→ **TO DO**: Within the entries below, please return exactly the lines from the one with "Potentilla sterilis" through the one with "X0000093620392200711121241", leaving out any pictures.

→ **GIVEN INFORMATION**:
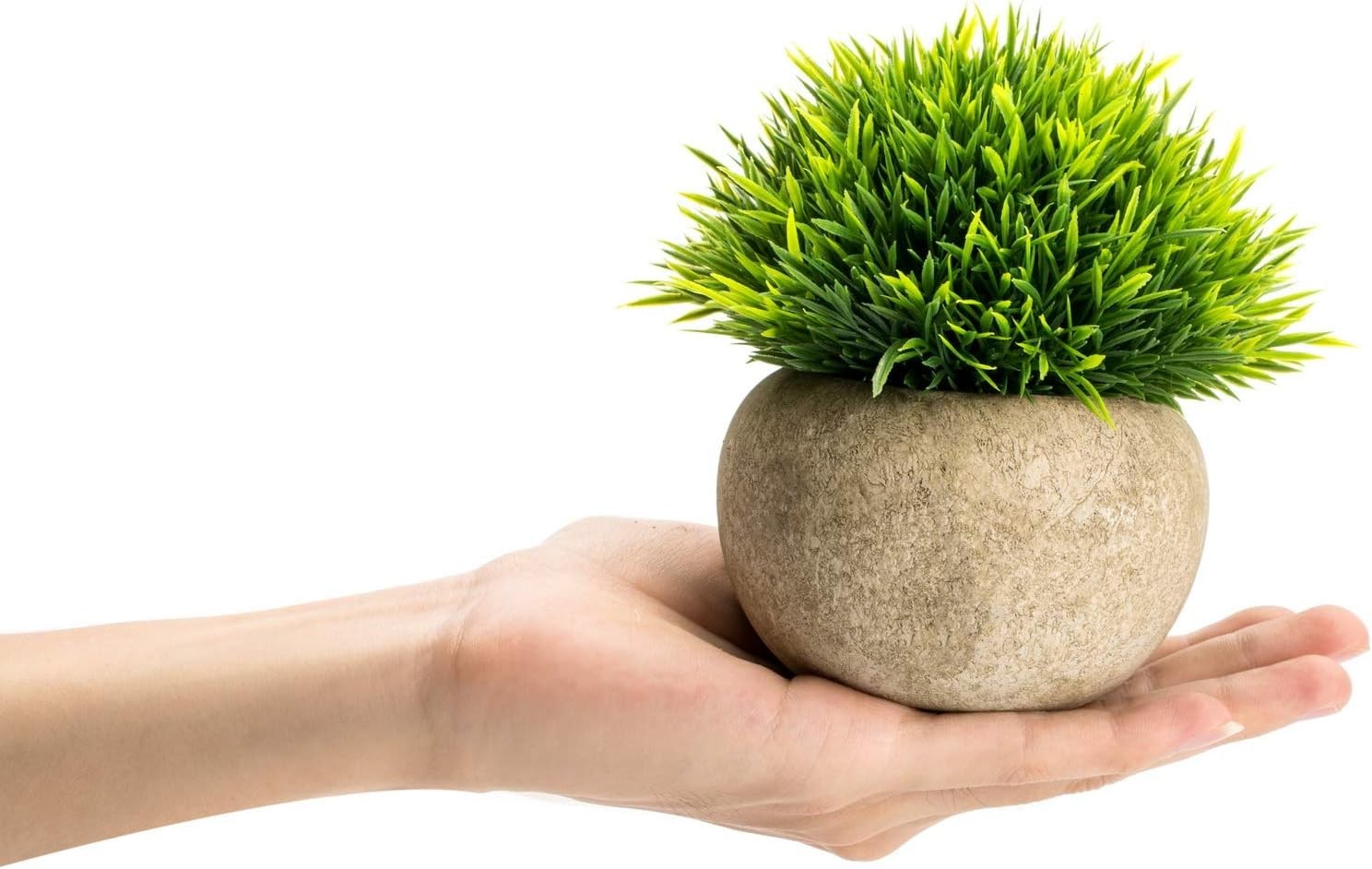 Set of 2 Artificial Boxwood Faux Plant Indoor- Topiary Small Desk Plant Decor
* * *
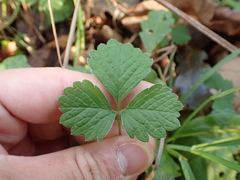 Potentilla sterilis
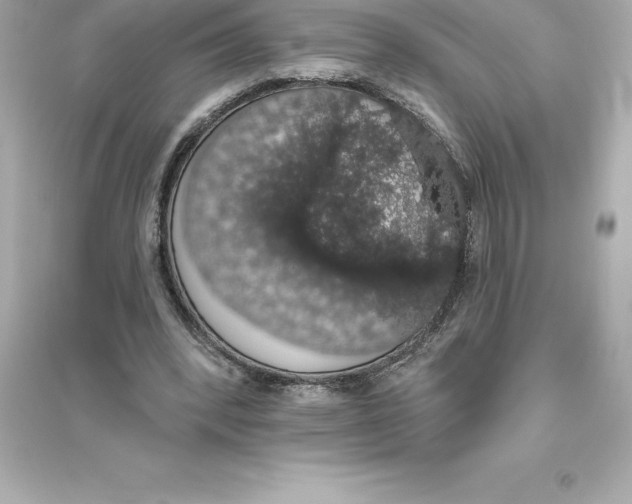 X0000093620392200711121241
--
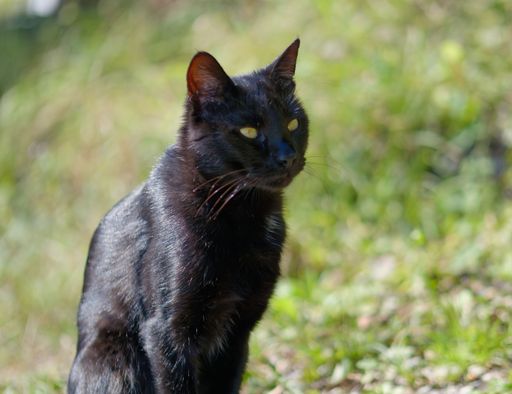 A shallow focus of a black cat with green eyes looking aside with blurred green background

→ **ANSWER**:
 Potentilla sterilis
 X0000093620392200711121241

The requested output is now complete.